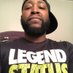 mike Dunn (@mikedunn623) Twitter profile photo mike Dunn (@mikedunn623) Twitter profile photo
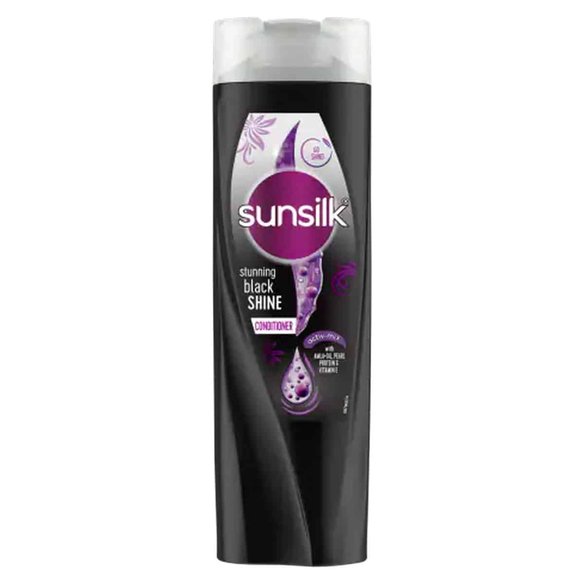 Sunsilk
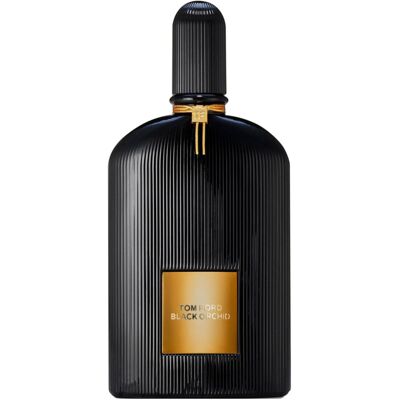 Tom ford Black Orchid - Eau De Parfum 100 ml Tom ford Black Orchid - Eau De Parfum 100 ml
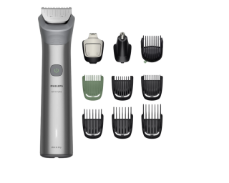 Prirezovalnik Philips 10-v-1 MG5921/15 All-in-One Trimmer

§

An exact reproduction of the data is needed, with no pictures included.

 mike Dunn (@mikedunn623) Twitter profile photo mike Dunn (@mikedunn623) Twitter profile photo
 Sunsilk
 Tom ford Black Orchid - Eau De Parfum 100 ml Tom ford Black Orchid - Eau De Parfum 100 ml
 Prirezovalnik Philips 10-v-1 MG5921/15 All-in-One Trimmer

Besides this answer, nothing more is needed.